These fresh queries allow up-to-date query suggestions to be provided, which increases the likelihood of providing query suggestions that will assist users in finding the information they seek. In doing so, meaningful query suggestions can be provided to users seeking relatively new information that is outside the coverage of popular past queries.

FIG. 1 illustrates a block diagram of an example environment 100 in which selecting fresh queries suitable for use as query suggestions can be used. The environment 100 includes client computing devices 110, 112 and a search engine 150. The environment also includes a communication network 140 that allows for communication between various components of the environment 100.

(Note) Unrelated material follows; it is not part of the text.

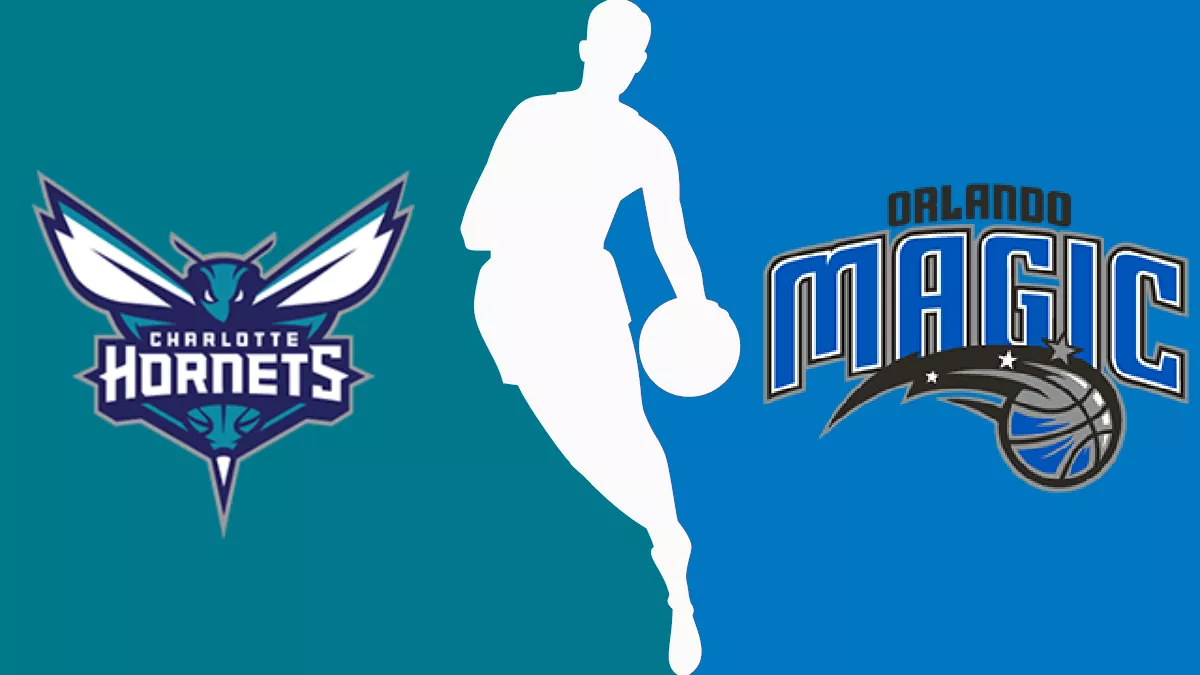 Шарлотт Хорнетс - Орландо Мэджик 31.10.2025: прямая трансляция и запись матчей НБА | Cезон 2025/26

During operation, users interact with the search engine 150 through the client computing devices 110, 112. The client computing devices 110, 112 and the search engine 150 each include memory for storage of data and software applications, a processor for accessing data and executing applications, and components that facilitate communication over the communication network 140. The computing devices 110, 112 execute applications, such as web browsers (e.g. web browser 120 executing on computing device 110), that allow users to formulate queries and submit them to the search engine 150. The search engine 150 receives queries from the computing devices 110, 112, and executes the queries against a content database 160 of available resources such as web pages, images, text documents and multimedia content. The search engine 150 identifies content which matches the queries, and responds by generating search results which are transmitted to the computing devices 110, 112 in a form that can be presented to the users. For example, in response to a query from the computing device 110, the search engine 150 may transmit a search results web page to be displayed in the web browser 120 executing on the computing device 110.

The search engine 150 maintains records 135 of queries submitted by users. During operation, the search engine 150 is continually receiving new queries from users, and storing these new queries in the records 135. The search engine 150 may maintain an aggregated or anonymized record of queries. The records 135 may collectively be stored on one or more computers and/or storage devices.

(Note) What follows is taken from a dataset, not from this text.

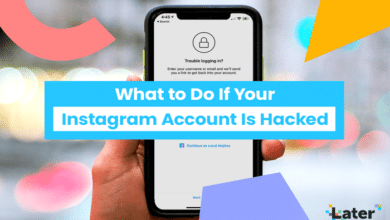 my instagram account hacked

The environment 100 also includes a fresh query engine 130. The records 135 are periodically processed by the fresh query engine 130 to select fresh queries that are suitable for use as query suggestions using the techniques described herein.

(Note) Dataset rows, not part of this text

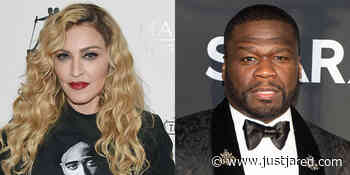 Madonna Slams 50 Cent for His 'Fake Apology' After He Mocked Her Racy Instagram Post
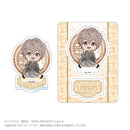 Chouji Tomiyama - WIND BREAKER Mini Chara Acrylic Mascot Round Window ver.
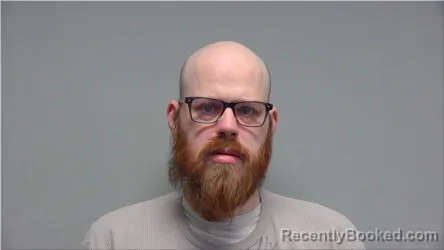 Mugshot of Donald Pfaff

The term “periodically” is used herein to indicate that the analysis is performed from time-to-time or occasionally. The term “periodically” is not intended to imply or require that the analysis be performed at fixed intervals of time.

The fresh query engine 130 can be implemented in hardware, firmware, or software running on hardware. The fresh query engine 130 is described in more detail below with reference to FIGS. 2-6.

In response to a user's query, an application executing on the user's client computing device may forward the user's query to a suggestion engine 170. The user's query may be a partial query or a complete query. The suggestion engine 170 includes memory for storage of data and software applications, a processor for accessing data and executing applications, and components that facilitate communication over the communication network 140. The suggestion engine 170 may use conventional or other techniques to select one or more of the selected fresh queries as query suggestions for the user's query. The suggestion engine 170 can then provide these query suggestions to the user. Alternatively, the suggestion engine 170 may provide these query suggestions to the search engine 150, which in turn provides them to the user.

These query suggestions provided by the suggestion engine 170 represent queries that the users may want to submit in addition to, or instead of, the query actually typed or submitted. The query suggestions may, for example, be embedded within a search results web page to be displayed in an application, such as a web browser, executing on the user's computing device. As another example, the query suggestions may be displayed within a cascaded drop down menu of the search field of an application, such as a web browser, executing on the user's computing device as the user is typing the query. In some implementations, search results for a query suggestion within the cascaded drop down menu are also displayed as the user is typing the query.

The network 140 facilitates communication between the various components in the environment 100. In one implementation, the network 140 includes the Internet. The network 140 can also utilize dedicated or private communication links that are not necessarily part of the Internet. In one implementation, the network 140 uses standard communications technologies, protocols, and/or inter-process communication techniques.

FIG. 2 is a block diagram illustrating example modules within the fresh query engine 130. In FIG. 2, the fresh query engine 130 includes a fresh query module 200, a reformulation module 210 and a scoring module 220. Some implementations may have different and/or additional modules than those shown in FIG. 2. Moreover, the functionalities can be distributed among the modules in a different manner than described herein.

The fresh query module 200 periodically analyzes the records 135 to identify fresh queries that have been submitted by users during a current time interval. The fresh query module 200 also counts the number of times each of the fresh queries that have been submitted by users during the current time interval.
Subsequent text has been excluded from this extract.